Start of Exercise data
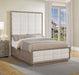 Durango California King, Eatren King, & Queen Bed - Furniture Land (Milwaukee, WI)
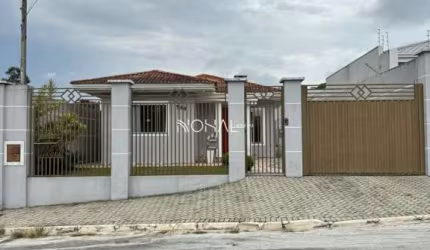 Casa Terrea Jardim Carvalho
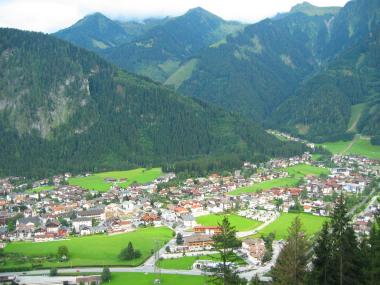 Mayrhofen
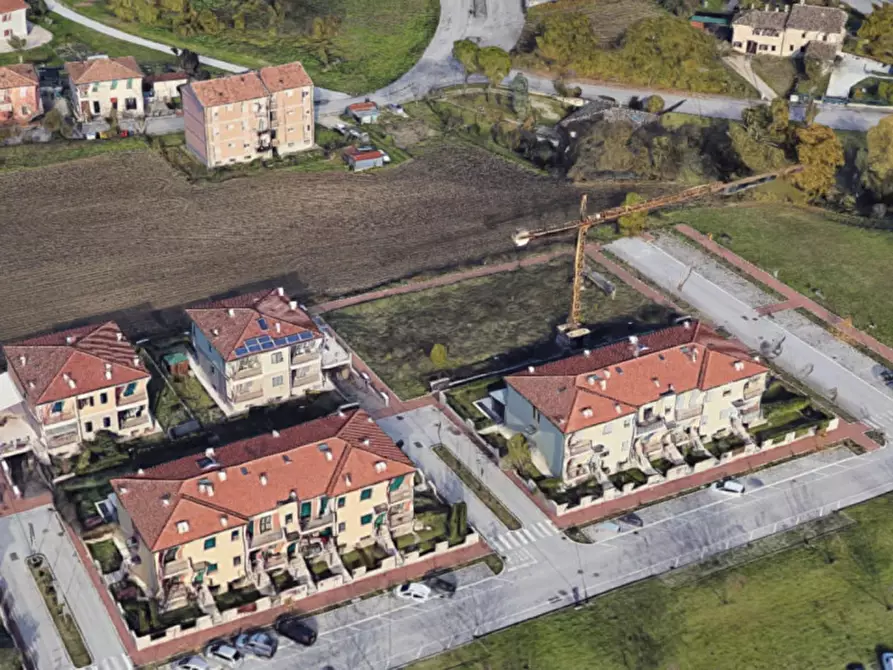 Immagine 5 di Terreno in vendita  in VIA DON TESEO PINI, N. snc a Fermignano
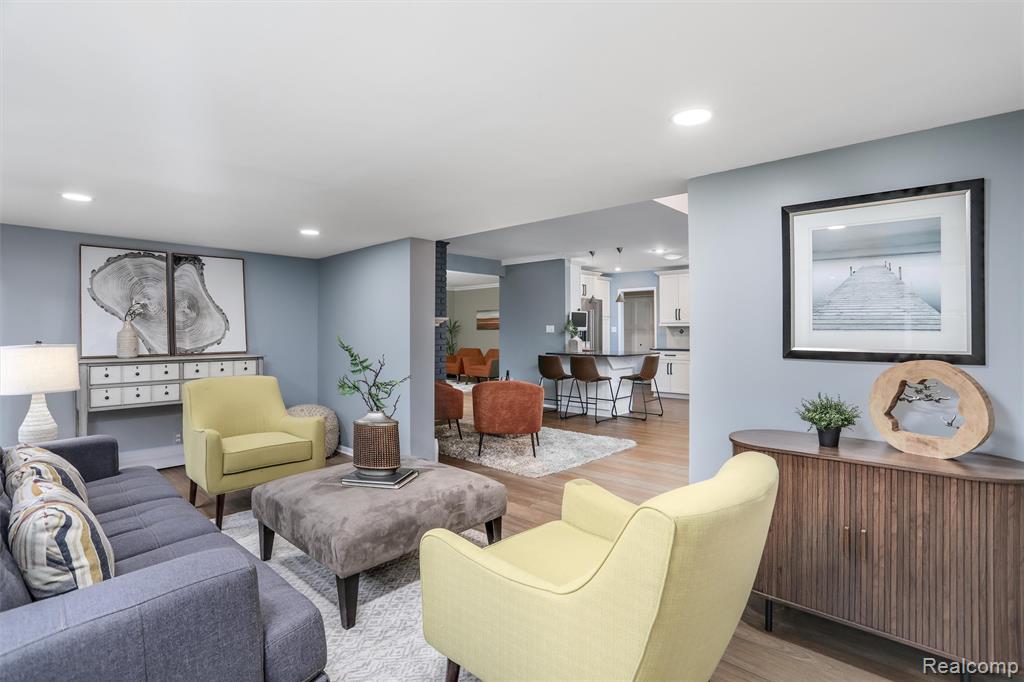 5908 Burnham Road Bloomfield Hills, MI 48301 - Photo 17 of 45 Gallery Image 17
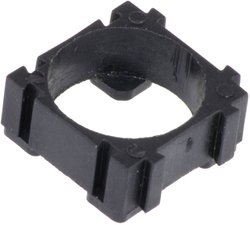 Komora baterii XCell 137270 1 x 18650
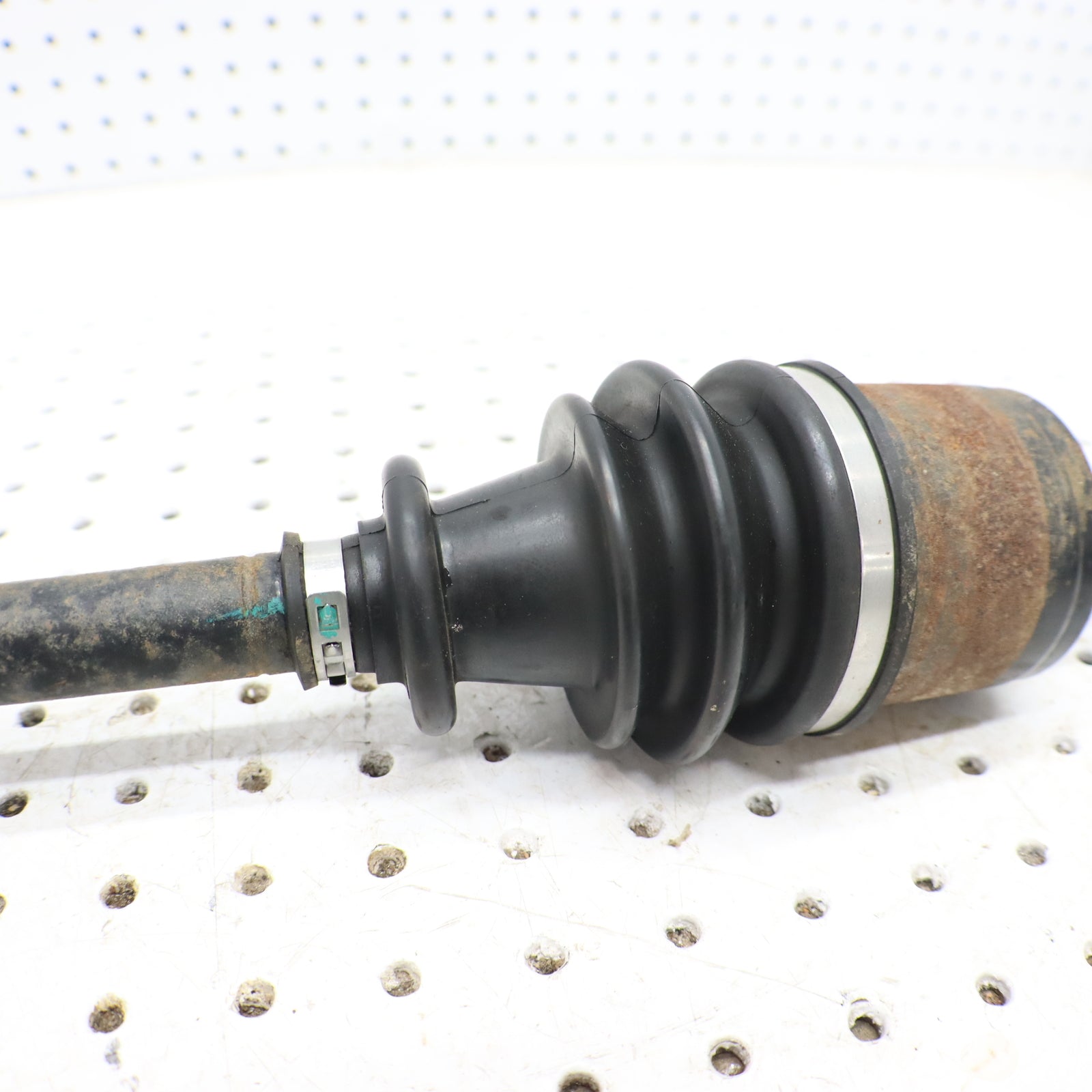 2013 Polaris Ranger Xp 900 Cv Drive Axle Shaft FRONT 1332637
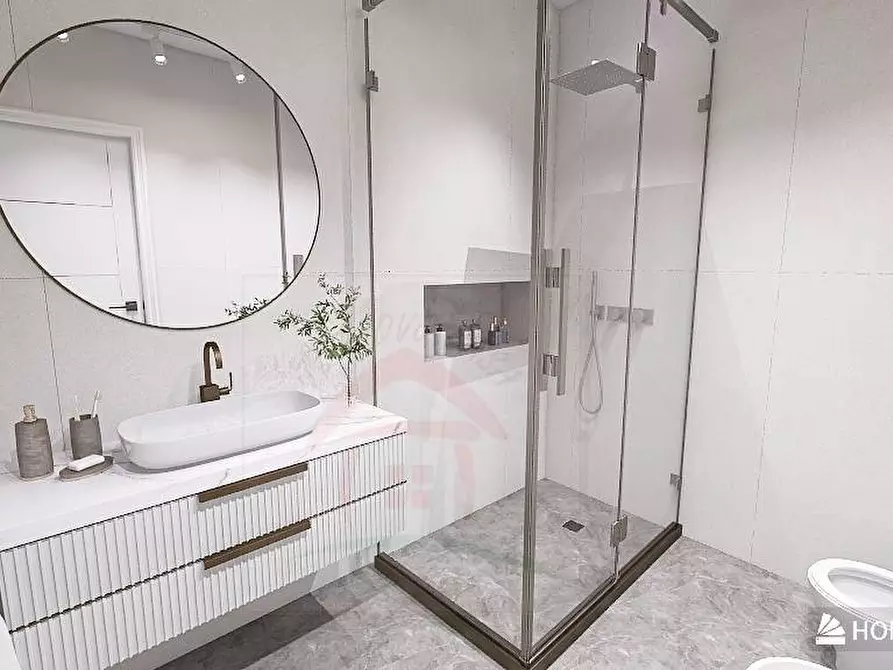 Immagine 10 di Appartamento in vendita  a Pergine Valsugana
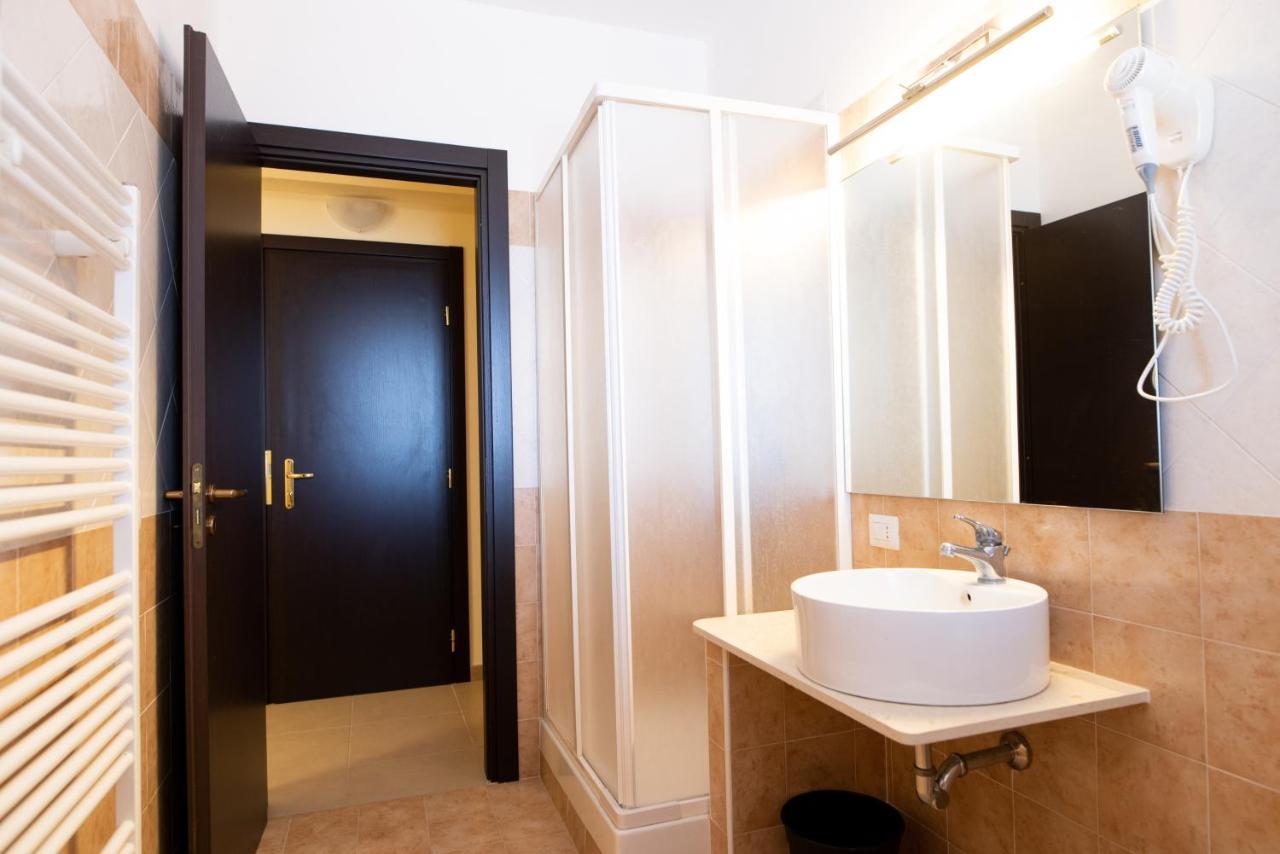 G&G Hotel Grammichele Eksteriør billede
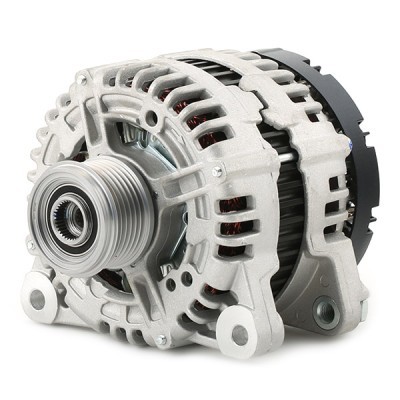 Alternator RIDEX 4G1193 4G1193 - foto 6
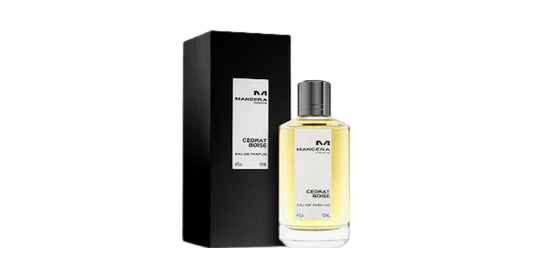 Mancera Cedrat Boise for Women EDP 120ML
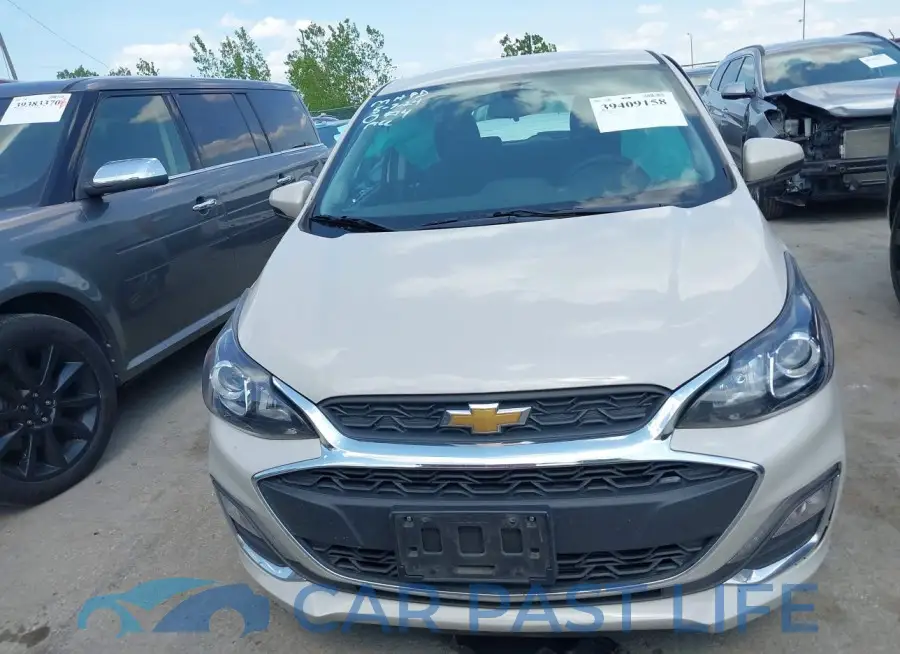 KL8CD6SA6MC730700# 12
End of Exercise data
Directions: Set down each entry again exactly as written. Pictures stay out.

Finished task:
 Durango California King, Eatren King, & Queen Bed - Furniture Land (Milwaukee, WI)
 Casa Terrea Jardim Carvalho
 Mayrhofen
 Immagine 5 di Terreno in vendita  in VIA DON TESEO PINI, N. snc a Fermignano
 5908 Burnham Road Bloomfield Hills, MI 48301 - Photo 17 of 45 Gallery Image 17
 Komora baterii XCell 137270 1 x 18650
 2013 Polaris Ranger Xp 900 Cv Drive Axle Shaft FRONT 1332637
 Immagine 10 di Appartamento in vendita  a Pergine Valsugana
 G&G Hotel Grammichele Eksteriør billede
 Alternator RIDEX 4G1193 4G1193 - foto 6
 Mancera Cedrat Boise for Women EDP 120ML
 KL8CD6SA6MC730700# 12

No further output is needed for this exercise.